### [EXERCISE AIM]
Up to and including the line that holds "215 E Parkway Ave, Oshkosh, WI 54901", print the data exactly from its first line; do not print the pictures.

[Extracted records]

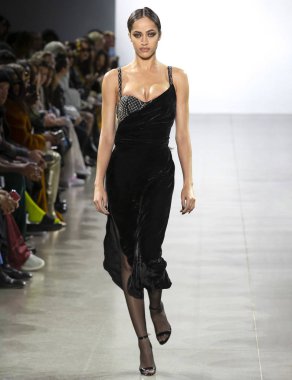 Laquan Smith 2019 sonbahar kış pist Haritayı New York City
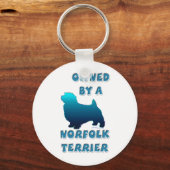 Eigendom van een Norfolk Terrier Sleutelhanger (Voorkant)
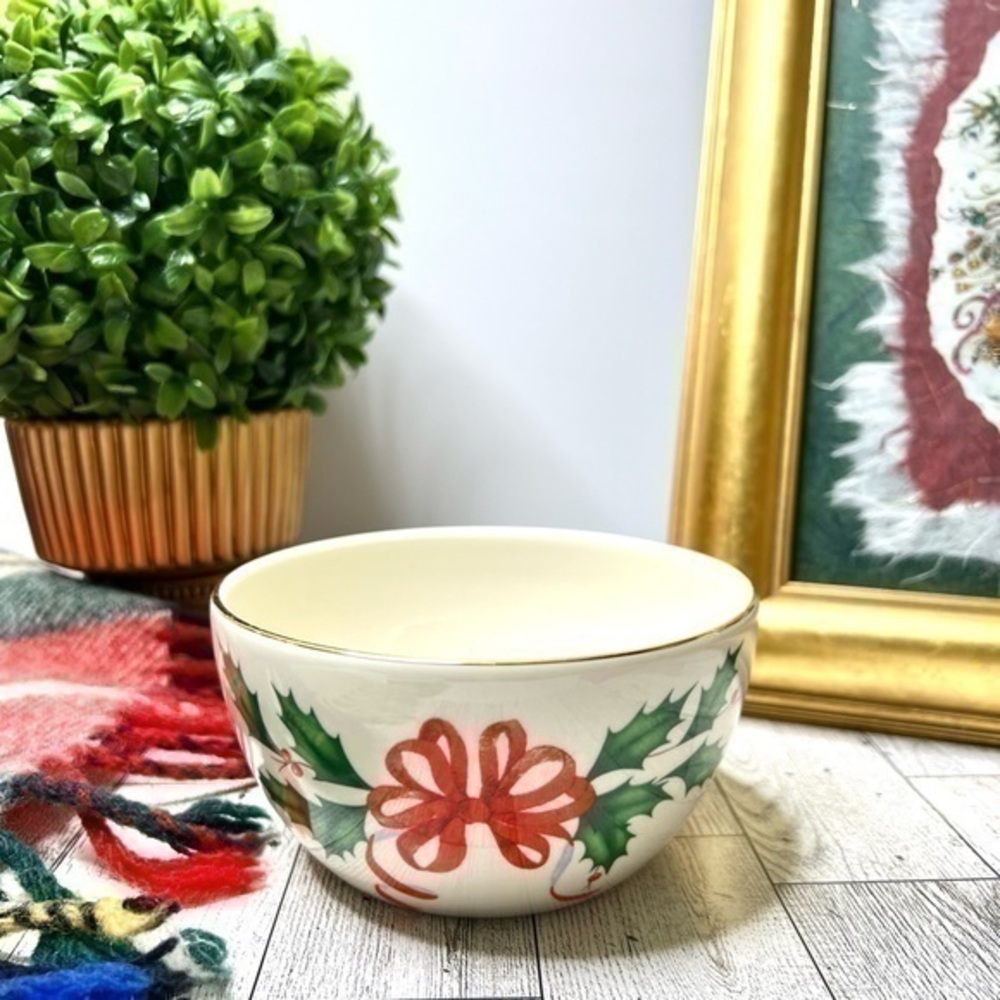 Lenox American By Design Holiday Bowl Green Holly & Red Ribbon Gold Trim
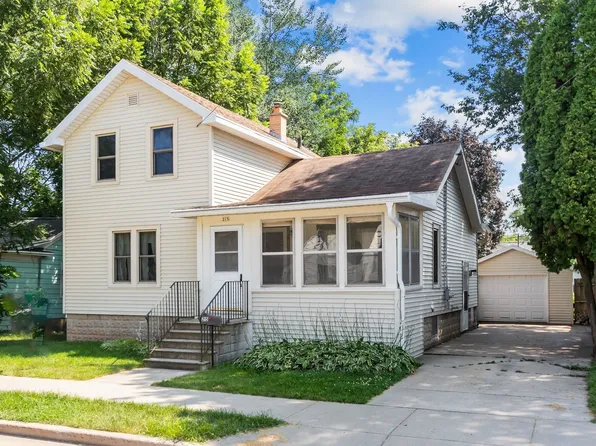 215 E Parkway Ave, Oshkosh, WI 54901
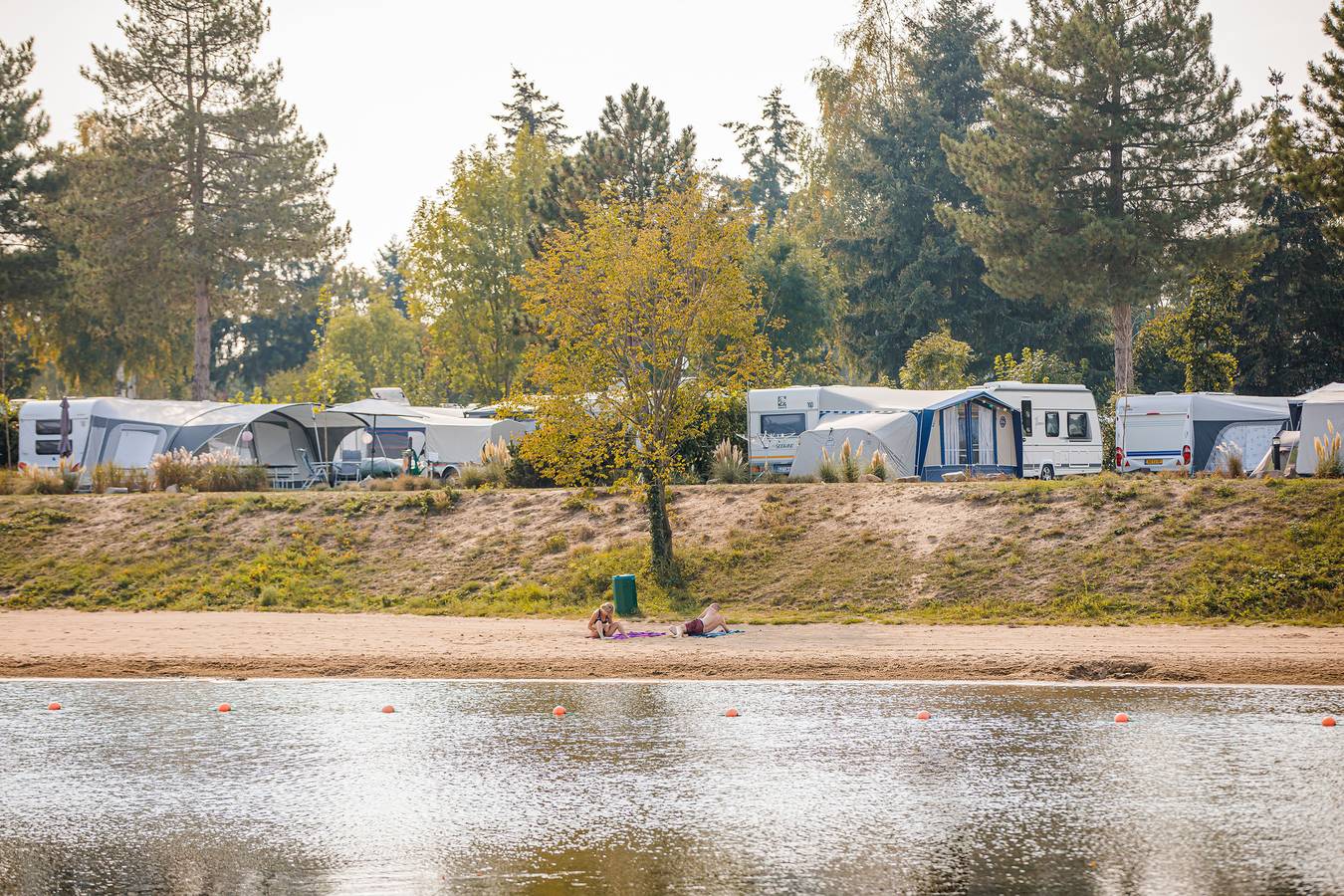 Vakantiepark Leukermeer — Comfort pitch - car-free in Bergen (Limburg), De Maasduinen National Park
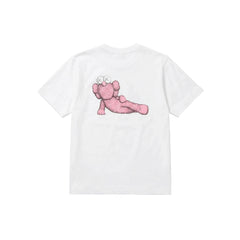 uniqlo_ut_short_sleeve_white_t_shirt_x_kaws_time_off_us_sizing_1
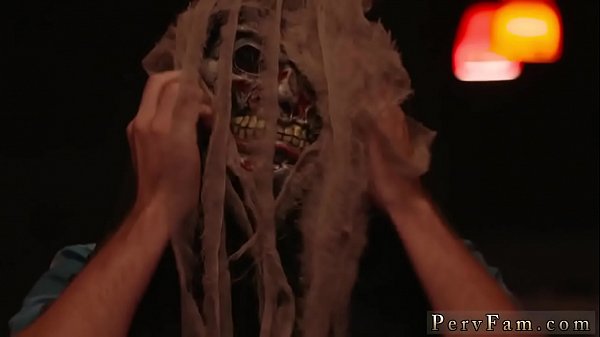 Blowjob parents Spooking YourStepcrony's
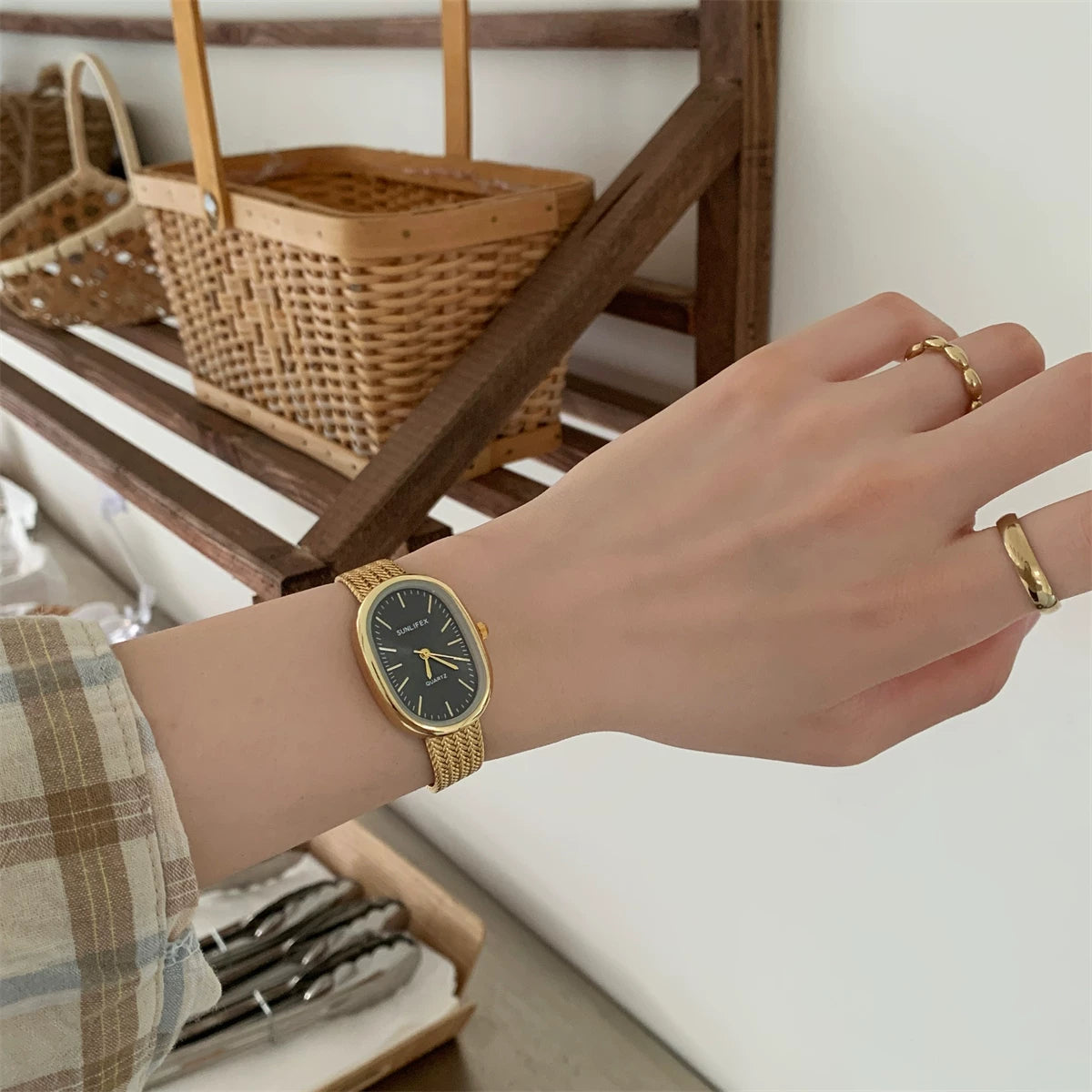Vintage Oval Small Gold Dress Watch PDW001 - view 4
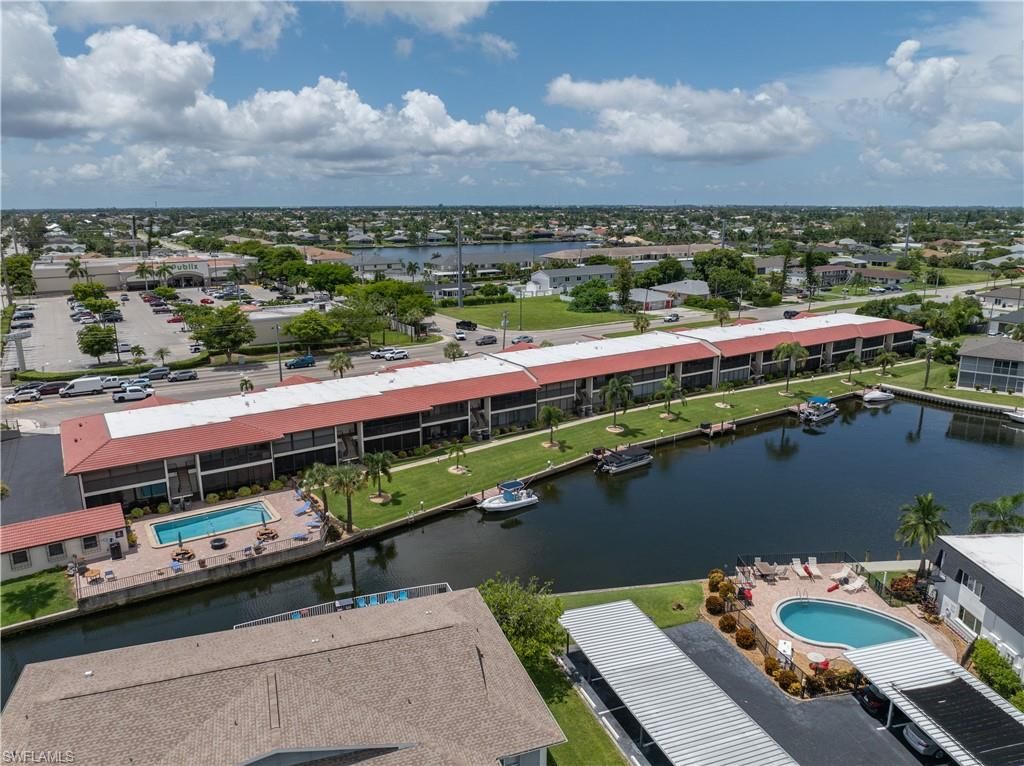 Image 28 of property listing at 4705 Santa Barbara BLVD 3, Cape Coral, FL 33914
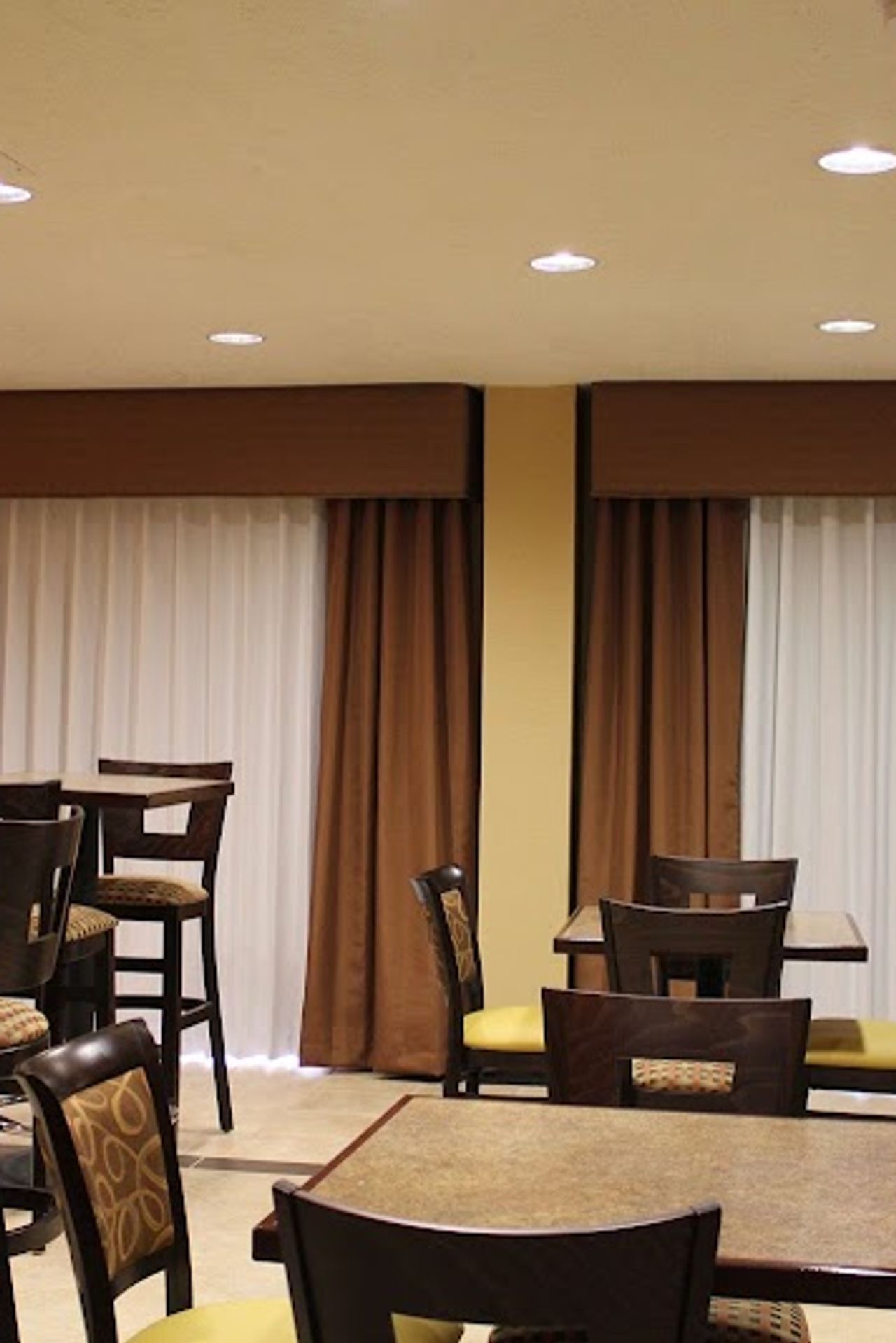 Photo of Best Western Grand Manor Inn - Complimentary breakfast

### [RESULT FOR THIS EXERCISE]
 Laquan Smith 2019 sonbahar kış pist Haritayı New York City
 Eigendom van een Norfolk Terrier Sleutelhanger (Voorkant)
 Lenox American By Design Holiday Bowl Green Holly & Red Ribbon Gold Trim
 215 E Parkway Ave, Oshkosh, WI 54901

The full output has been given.